SpinupWP, the cloud-based WordPress server control panel from the folks at Delicious Brains, turns four this year. They celebrated by launching one of the most frequently requested features, a command-line interface to manage servers and sites from the terminal.
Other recent updates include external database support, the site log viewer which allows you to view the last 1,000 lines from the WordPress debug.log file, as well as the Nginx access.log and error.log files, support for DigitalOcean OAuth which makes provisioning new DigitalOcean servers a breeze, and the new Path Redirects feature for managing multiple redirects at the server level.
Along with the CLI, SpinupWP has also released a PHP SDK which is powered by the SpinupWP REST API, offering you multiple options to manage your sites and servers.
I asked Brad Touesnard, founder and CEO of Delicious Brains, where the idea for SpinupWP came from.
“Back in 2002, I started a hosting company with my college roommate and built a hosting control panel from scratch,” Touesnard said. “I made many bad design decisions building that software and have always wanted another crack at it. For example, that control panel had to be installed on every server, and I dreamed of a centralized control panel that simply connected to each server via SSH and ran commands. There’s something beautiful about that design that I’ve wanted to realize for many years.”

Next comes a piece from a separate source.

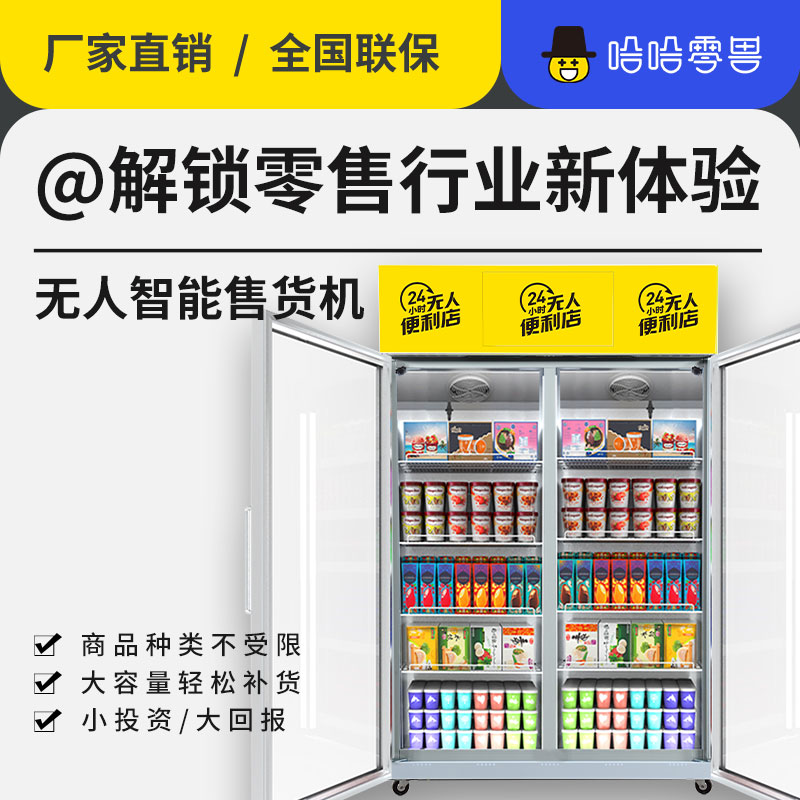 無人自動售貨機利潤怎么樣？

That idea stayed with Touesnard as he founded Delicious Brains and grew the company and its product offering. The advent and popularity of Virtual Private Server (VPS) providers like DigitalOcean, Amazon AWS, and Google Cloud led to other open-source projects building managed server platforms for them. Laravel Forge was one such platform, which Touesnard and the team found very interesting. Many team members have launched WordPress-related projects and sites, and a few of them used Laravel Forge.

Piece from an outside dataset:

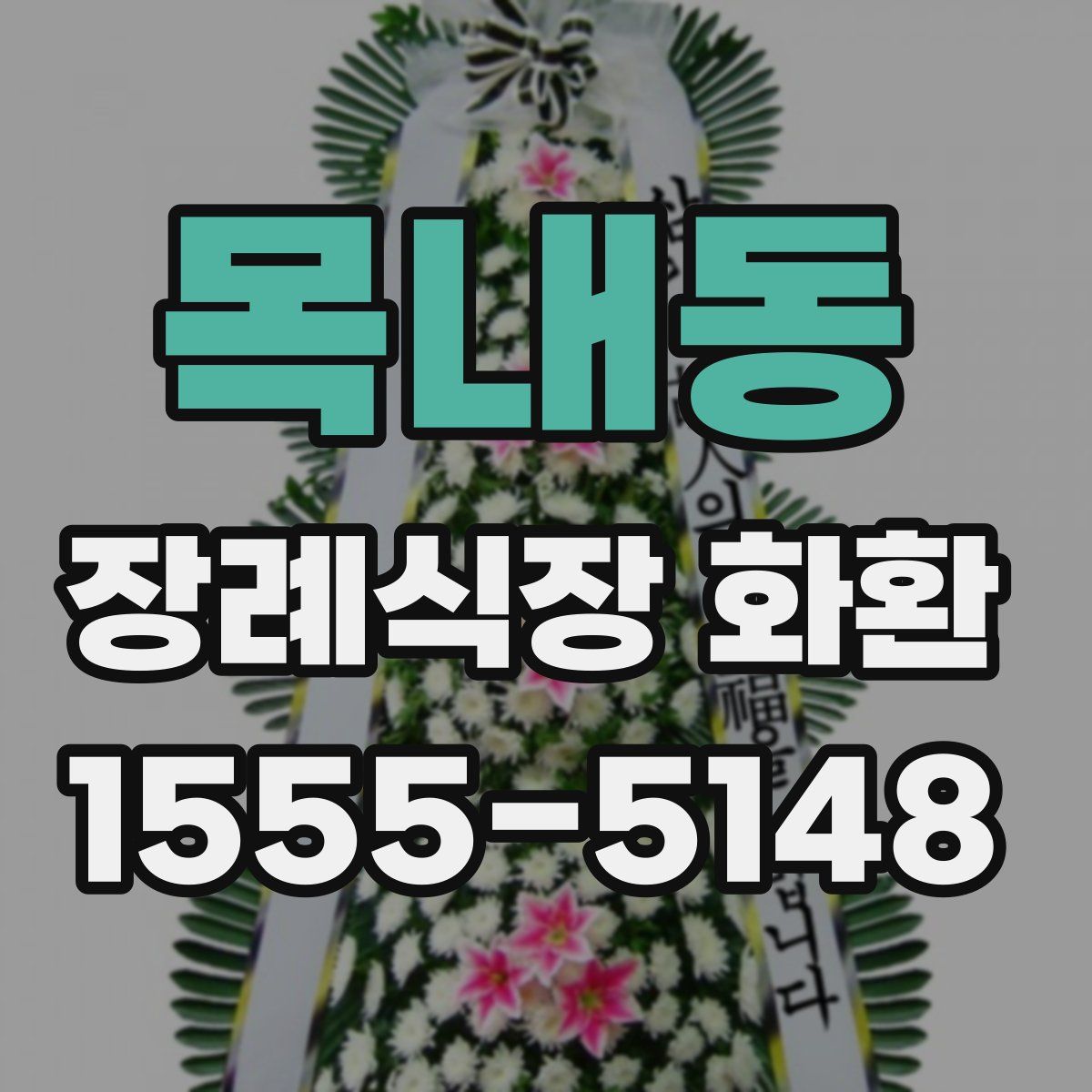 목내동 장례식장 화환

The server software requirements for Laravel and WordPress are similar, but it would always require some extra configuration to host WordPress sites. This inspired SpinupWP lead developer Ashley Rich to write the first iteration of a tutorial on how to host WordPress yourself, which eventually became the Install WordPress on Ubuntu guide. After that, Rich and other team members like Iain Poulson switched from Forge or whatever service they were using to following the guide and self-hosting WordPress.
“Our team became very fond of using Ashley’s guide to configure servers for WordPress sites and Laravel apps, but setting it all up was complicated and time-consuming,” Touesnard said. “So Ashley built a small app to automate the provision steps. We discussed the possible value of this app at a company retreat in 2017. We started talking about whether this would make sense as a new Delicious Brains product, an app similar to Laravel Forge but designed specifically for WordPress. We realized there were many really cool things we could do by focusing on WordPress and got really excited about building it.”
SpinupWP is the culmination of all these ideas. It’s a managed cloud server control panel that connects to your VPS provider and gives you everything you need to create servers and sites at the click of a button. You retain complete control of your infrastructure, but SpinupWP helps you manage everything in one place. This includes things like adding domains with free SSL certificates installed, switching a site to the latest PHP version, setting up backups, and automatic security updates.
Most importantly, SpinupWP is designed for WordPress. WordPress-specific server-level caching and security is available from the minute you deploy your first site. It also includes WordPress features for developers like WP-CLI, WordPress Multisite support, and a server-level cron to ensure your scheduled posts publish on schedule.
The SpinupWP team is constantly adding new features and quality of life improvements to make managing servers easier.
The product also recently launched the SpinupWP developer community for customers, to provide them with an online space where they can interact with each other and SpinupWP team members, share insights, knowledge, post feature requests, and generally help make it the hosting platform they love to use.
Touesnard is excited about the future of hosting WordPress on cloud servers.
“With WordPress growing to a market share of over 40%, more and more developers are looking for ways to leverage the scalability and flexibility of virtual servers to host their WordPress sites,” he said. “Guided by our customers, we’re excited to see how SpinupWP grows to meet this demand.”